Legendary Clones skipper Tom Gamboa said the heartthrob and outspoken Christian doesn’t have a prayer of making it to the big leagues, but we’re rooting for Timmy anyway, because it would be the hottest story in Brooklyn sports since pro baseball returned to the borough in 2001.
4. The DA’s race
Kings County will choose a new top prosecutor this year after Ken Thompson’s untimely death from cancer in October. He anointed Chief Assistant District Attorney Eric Gonzalez as acting district attorney while he was sick, but the position is up for grabs again this fall. Thompson’s widow has already endorsed Gonzalez — the borough’s first Latino to hold the post — although he hasn’t officially announced whether he will run, and other contenders for the powerful position are now emerging.
The city’s former human rights commissioner Patricia Gatling has already thrown her hat into the ring, and several others are eyeing a run — including Democratic District Leader Ann Swern, who was former District Attorney Charles Hynes’s first deputy; Fox News correspondent and former Brooklyn Bar Association president Arthur Aidala; state Supreme Court judge Shawndya Simpson; and outgoing Councilman Vincent Gentile (D–Bay Ridge).
3. The F Express
The Metropolitan Transportation Authority divided the borough last year when it revealed a proposal to bring the long-lost express F train back to Brooklyn in fall 2017 — and that chasm will only grow wider if the agency decides to push forward with the plan and begins promised community meetings about it. Southern Brooklynites have been demanding the service’s return for years, as it will shave around seven minutes off their commutes to Downtown and Manhattan. But Brownstone Brooklynites were aghast to learn the change would halve orange-bullet service at six of their stops during rush hour, and have since organized to “rail” against it unless the transit body promises to add more regular F trains.
2. Build It Back
Who would have thought back in 2012 that we’d still be waiting for the city to rebuild homes destroyed by Hurricane Sandy? And yet, here we are.
2016 was a bad year for the program. Mayor DeBlasio belly-flopped on his promise to fix all homes by year’s end and had to give the program a $500-million taxpayer bailout. Meantime a house in Gerritsen Beach collapsed because hasty contractors cut safety corners, and Hizzoner threatened to give some applicants the boot for slowing down the program’s progress.
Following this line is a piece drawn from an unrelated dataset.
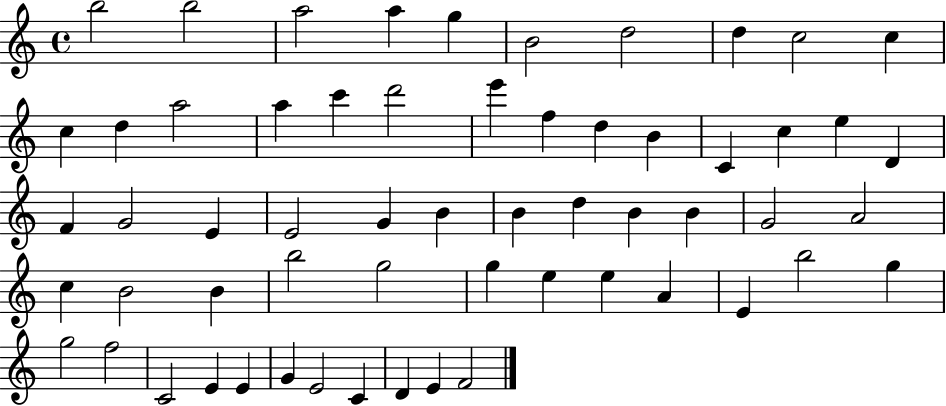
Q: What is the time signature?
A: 4/4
We’re hoping the program gets above water in 2017, but we aren’t holding our breath — the Daily News reported on Jan. 2 that only 60 percent of homes in the program are done.
1. Going for bronze
Breed, Brooklyn, breed! The Borough of Kings is this close to overtaking Chicago as the country’s third-largest city, and could snatch the title sometime next year if Brooklynites really commit to popping out new residents. The Windy City still ranks bronze in the population category with 2.72 million in 2015, compared to Brooklyn’s fourth-place 2.64 million, according to the U.S. Census Bureau. But Brooklyn’s growth surely has Midwesterners looking over their shoulders — our borough has enjoyed an average population gain of 27,984 per year since 2010, compared to Chicago’s measly 4,896. So throw away those free New York City condoms and get to work!